Placing (and Being Placed by) the Channukiah - Berlin 5781

Channukah - 4th candle

The story of Channukah is a war over memory: the only thing that matters. Will the Torah be forgotten or not? The universe tends towards entropy and forgetfulness. It takes enormous mental energy to create, preserve and transmit memories.


שכחה, חשכה


Memories are as fickle and transient as a candle-flame. In this age of an attention economy, where concentration and desire are bought and sold by massive online companies, deciding the nuances of our self-perception is important; deciding who to be influenced by and which dangers to avoid; honouring our memories.
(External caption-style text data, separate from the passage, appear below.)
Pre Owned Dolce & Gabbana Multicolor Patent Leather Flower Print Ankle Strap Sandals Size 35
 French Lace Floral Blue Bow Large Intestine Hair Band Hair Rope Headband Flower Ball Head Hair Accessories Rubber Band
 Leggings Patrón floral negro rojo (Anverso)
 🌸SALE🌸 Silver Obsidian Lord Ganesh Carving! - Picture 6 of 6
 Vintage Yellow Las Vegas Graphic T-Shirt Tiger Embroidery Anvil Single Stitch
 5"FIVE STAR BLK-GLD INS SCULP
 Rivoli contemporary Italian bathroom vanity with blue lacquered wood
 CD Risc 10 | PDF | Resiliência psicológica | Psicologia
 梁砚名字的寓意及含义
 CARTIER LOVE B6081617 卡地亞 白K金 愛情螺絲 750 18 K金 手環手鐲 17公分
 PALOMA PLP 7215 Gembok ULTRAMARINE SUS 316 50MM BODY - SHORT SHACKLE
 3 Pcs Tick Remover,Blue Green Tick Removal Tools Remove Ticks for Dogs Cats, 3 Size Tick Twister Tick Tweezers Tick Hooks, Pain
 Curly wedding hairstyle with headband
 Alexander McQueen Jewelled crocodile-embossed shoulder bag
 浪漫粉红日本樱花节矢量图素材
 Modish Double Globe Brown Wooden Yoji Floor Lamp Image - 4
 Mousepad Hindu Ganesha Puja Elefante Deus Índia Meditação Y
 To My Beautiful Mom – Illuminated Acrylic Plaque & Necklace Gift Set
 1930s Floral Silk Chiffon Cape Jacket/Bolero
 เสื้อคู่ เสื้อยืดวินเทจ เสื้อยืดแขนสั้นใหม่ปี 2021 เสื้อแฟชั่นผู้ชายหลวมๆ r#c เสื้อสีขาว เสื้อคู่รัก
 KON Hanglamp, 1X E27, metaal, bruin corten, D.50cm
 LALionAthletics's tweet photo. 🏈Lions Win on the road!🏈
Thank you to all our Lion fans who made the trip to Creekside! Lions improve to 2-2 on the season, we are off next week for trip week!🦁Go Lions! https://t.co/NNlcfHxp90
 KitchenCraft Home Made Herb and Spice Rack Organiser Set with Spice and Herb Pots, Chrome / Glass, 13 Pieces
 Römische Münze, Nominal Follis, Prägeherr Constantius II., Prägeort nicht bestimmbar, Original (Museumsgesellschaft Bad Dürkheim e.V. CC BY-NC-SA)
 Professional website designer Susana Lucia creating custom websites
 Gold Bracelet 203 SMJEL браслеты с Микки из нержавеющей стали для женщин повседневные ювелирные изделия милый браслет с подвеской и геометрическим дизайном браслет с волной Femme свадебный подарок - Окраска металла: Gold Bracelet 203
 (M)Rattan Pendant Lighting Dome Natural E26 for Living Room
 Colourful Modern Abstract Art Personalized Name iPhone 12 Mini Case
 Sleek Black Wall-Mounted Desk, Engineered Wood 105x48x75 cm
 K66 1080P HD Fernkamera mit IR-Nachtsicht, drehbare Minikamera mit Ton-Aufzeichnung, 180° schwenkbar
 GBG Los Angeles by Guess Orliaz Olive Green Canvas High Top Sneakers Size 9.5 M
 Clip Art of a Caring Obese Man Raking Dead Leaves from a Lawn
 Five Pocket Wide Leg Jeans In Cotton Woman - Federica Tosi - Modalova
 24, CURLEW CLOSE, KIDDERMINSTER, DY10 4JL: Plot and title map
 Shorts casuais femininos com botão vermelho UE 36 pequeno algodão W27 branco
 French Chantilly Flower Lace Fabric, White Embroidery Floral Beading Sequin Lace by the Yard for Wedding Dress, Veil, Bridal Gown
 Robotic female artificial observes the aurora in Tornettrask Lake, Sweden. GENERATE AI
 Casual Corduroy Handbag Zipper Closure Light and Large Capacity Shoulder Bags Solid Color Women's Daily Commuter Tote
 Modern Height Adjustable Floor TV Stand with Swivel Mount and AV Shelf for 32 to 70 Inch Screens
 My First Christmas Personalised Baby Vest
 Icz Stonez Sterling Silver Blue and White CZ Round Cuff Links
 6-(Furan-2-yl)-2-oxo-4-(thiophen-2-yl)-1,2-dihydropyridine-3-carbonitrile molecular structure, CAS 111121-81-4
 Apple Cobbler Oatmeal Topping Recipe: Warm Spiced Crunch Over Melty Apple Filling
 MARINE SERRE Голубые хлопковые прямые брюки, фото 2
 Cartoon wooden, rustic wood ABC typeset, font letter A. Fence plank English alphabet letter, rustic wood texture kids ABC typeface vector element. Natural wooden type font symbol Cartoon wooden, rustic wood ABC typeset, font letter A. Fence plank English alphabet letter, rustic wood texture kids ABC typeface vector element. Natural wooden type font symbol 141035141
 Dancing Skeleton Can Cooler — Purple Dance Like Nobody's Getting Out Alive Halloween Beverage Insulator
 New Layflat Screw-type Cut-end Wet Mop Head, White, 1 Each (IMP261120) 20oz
Everyone on my street has a light in the window. Mine means something that makes me me.

Shabbat Channukah

A small thought on the story of Channukah, and what's done with it. There was a war against the Greeks and the Jews won, and regained their Temple, for a while. The historical accuracy and the different accounts don't matter to me, at the moment, just trying to figure out what to do with this story. Because everyone does something with this story: stick attribute A on the Greeks and B on the Jews and say that B is better than A. Doesn't matter that we're all inheritors of the Greek tradition today as much as or more than the Jewish one, doesn't matter that the synthesis is a wonderful one - we have to find a way to make B better than A.


!אמר להן מה דין אתריסתון לקבלי? אמרו ליה סטנא נצח


There's a version of the Greek-Jewish dialogue in the Talmud (Tamid 32a) that I love. Alexander of Macedonia asks ten questions to the Sages of the Negev, and they keep giving him annoying answers (like "We don't know!"). Frustrated, he bursts out and says: "On what basis do you oppose my culture?" And they reply "Sometimes, Satan is victorious."


It's a great answer because it's honest and it completely flips the logic of A is better than B or the other way around. He asks, can't you see that the Greeks are stronger and more successful in the world? They say: so what. Shit happens. Our identity is rooted deep and doesn't have to make sense. Sometimes it's great to be a Jew and sometimes the opposite, and this argument is just a game.


The ones who lit the lights in the Temple on the first night didn't expect a miracle. They did the best they could with what they had, and that's the message I hear for me, today.


Shabbat sameach, channukah shalom!

Channukah - 10th Candle

What did I learn this Channukah? Nothing. Except that rhythm and ritual are more powerful than words and systems. Nothing, except that every night I poured oil into the jars and arranged the candles and prepared the wicks and sang the songs, and Amitai was fascinated with the flames and so was I. Sometimes I ran off to make supper or finish off something, sometimes I sat and watched the dancing lights. Sometimes I put some winter thoughts together, and wrote them down or didn't. Actions come first, meaning later, not the other way around.


אמר רב יהודה ברם זכור אותו האיש לטוב וחנניה בן חזקיה שמו אלמלא הוא נגנז ספר יחזקאל שהיו דבריו סותרין דברי תורה מה עשה העלו לו ג' מאות גרבי שמן וישב בעלייה ודרשו


"Indeed, remember this man for good, and Chanania ben Chizkia is his name. If it were not for him, they would have destroyed the book of Ezekiel, for it contradicts the other books of Torah. But they brought up three hundred barrels of oil to his attic, where he sat explaining the book." (Shabbat 13b)


I almost think this was a Channukah miracle too. Some crazy Jews wanted their Torah to make sense, but this man Chanania sat in his attic, turning oil into light into words into peace.


Channukah candles shine outwards, Shabbat candles shine inwards, and they are both lit by people submitting to the rhythm of their ritual, the bass beat that holds together the flashes of meaning and of inspiration.